Emily Deschanel is comparing Dr. Temperance Brennan of “Bones” to a cracked egg.
“She’s very flawed in odd ways, but there’s something admirable, I think, in her attempt to move forward and put herself back together, like Humpty Dumpty,” says Deschanel, who plays Brennan in Fox’s wry-humored crime series.
Her reference could be considered odd, though, as ol’ H.D. possessed no bones, and bones are what Brennan is all about.
She’s a forensic anthropologist and novelist who works with the FBI in solving crimes. When bodies have disintegrated to skeletal remains, she’s able to read the life history of tibias, femurs, skull fragments, vertebrae — indeed the whole bag of bones — providing clues to the manner and cause of death. Her skills have earned her the nickname Bones.
The character is inspired by real-life forensic anthropologist and author Kathy Reichs, as well as the character in Reichs’ series of Temperance Brennan novels.
“She’s become more of a concept of a person,” says Deschanel of her character. “It can be confusing I think for people who know Kathy Reichs’ books. ... My character is a lot younger and different. ... Not that there aren’t certain similarities, but it’s a kind of a mesh.”
Wearing a natty, well-fitting green lab coat, Deschanel is on a sound stage at 20th Century Fox Studios, filled from wall to wall by the show’s lavish sets — an intriguing combo of elegance and utility.
Starring opposite Deschanel is David Boreanaz as FBI Agent Seeley Booth, skeptical about Brennan’s skills but potentially something more than just a colleague.
“I think the characters think they have got close in a brotherly-sisterly type way, but they are the only ones who are unaware of the sexual tension between them,” says executive producer Hart Hanson. “And as long as we can protract that, that will be great.”
Boreanaz, best known as the heartthrob vampire in “Buffy the Vampire Slayer” and “Angel,” was cast first.
“We knew we wanted Booth to be a traditional leading man, not boyish, and not pretty, but handsome ... a complicated man in a suit with a lot of gravity,” said Hanson.

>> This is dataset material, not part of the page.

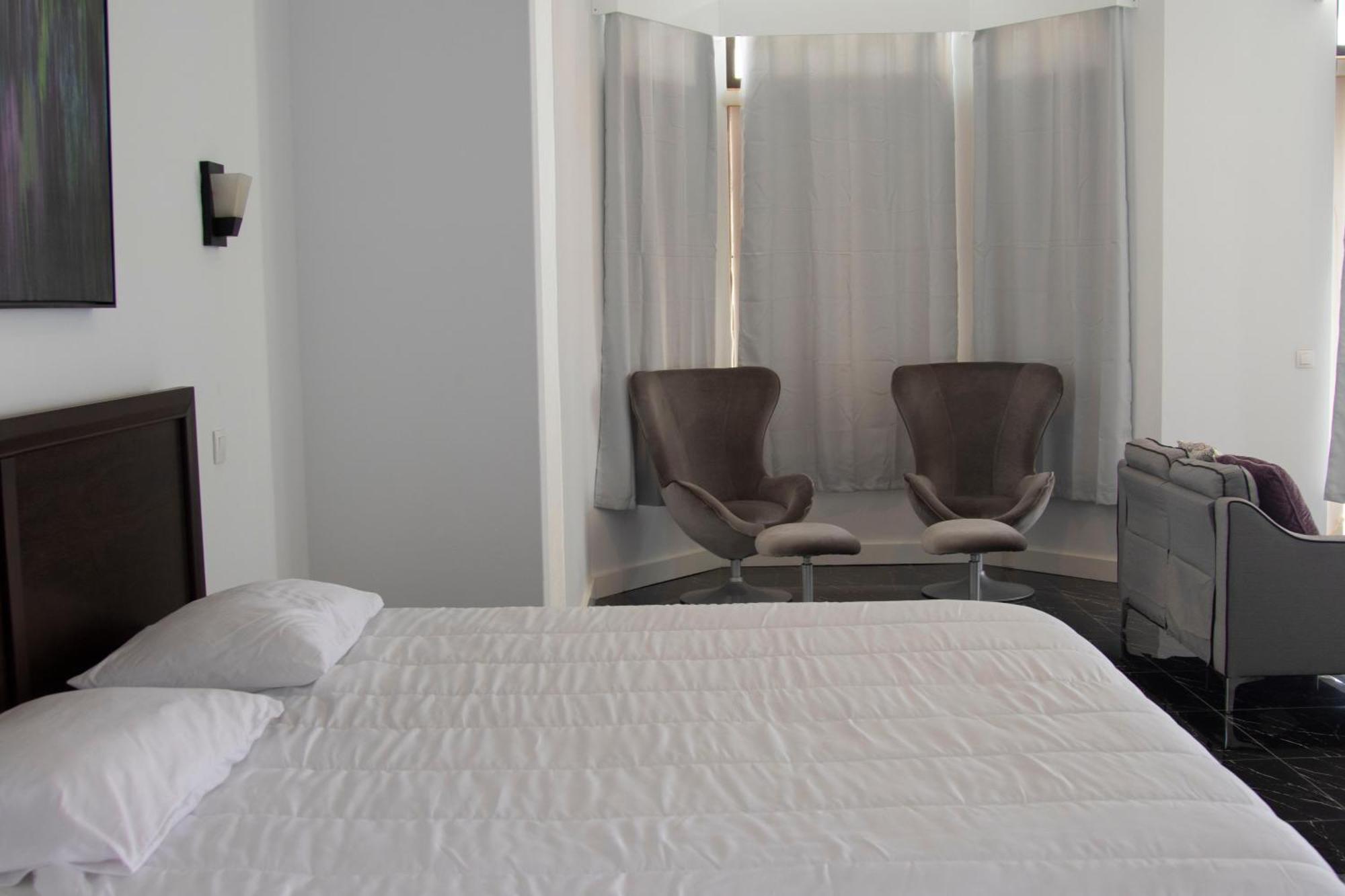 The View Hotel Sao Filipe Bagian luar foto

Finding the right actress was harder.
“We were looking for sexy, smart and funny. We saw dozens of actresses, and we kept getting two of those, but not very often all three. ... Emily has all three,” says Hanson.
“We met and it was just lightning in a bottle,” says Boreanaz of Deschanel, who is the daughter of cinematographer Caleb Deschanel and the older sister of actress Zooey Deschanel. “People saw that when we tested her. It was there, and it’s singing now in a great way.”
When new episodes of “Bones’ ” second season return at 8 p.m. EST Feb. 7, the Brennan-Booth relationship will continue its embryonic mating dance.
“We will clash. ... There will be jealousy,” says Boreanaz. “There will be hate. There will be humor. There will be love and respect. But at the end, there is always that bond of ‘I’m there for you. You’re there for me.’ ”
Anger-management problems have brought Booth to see an eccentric shrink, played by British actor Stephen Fry. Brennan is still coping with her discovery — while investigating the long-ago disappearance of her parents — that she’s not who she thought she was.
In last season’s final episode she learned she wasn’t originally called Temperance and that her given name was Joy. But she keeps Temperance. “She doesn’t know herself as Joy,” says Deschanel.
“We’ve given her another virtue,” says Hanson, noting that although the show has to fulfill the standard demands of episodic TV and solve its crimes each week, it can still pride itself on creating multilayered characters with interesting back stories.
The series also stars T.J. Thyne as Dr. Jack Hodgins and Michaela Conlin as Angela Montenegro — fellow scientists, currently romantically involved, who work with Brennan in the Jefferson Institution in Washington, D.C.
“Bones” stands out from the plethora of poking-about-dead-bodies series because it has a refreshingly youthful style, a quick wit, two attractive lead characters, and clever shifts between light, sharp-humored themes and dark, compassionate ones.
But Deschanel notes the challenges: “We are continuing to try to make smooth transitions between the dark and light. ... It’s hard because if you are dealing with death, people losing loved ones, you don’t want to be cavalier or dismiss that in any way. But at the same time it makes sense that these characters have a sense of humor. ... There is humor in life. It’s a delicate balance.”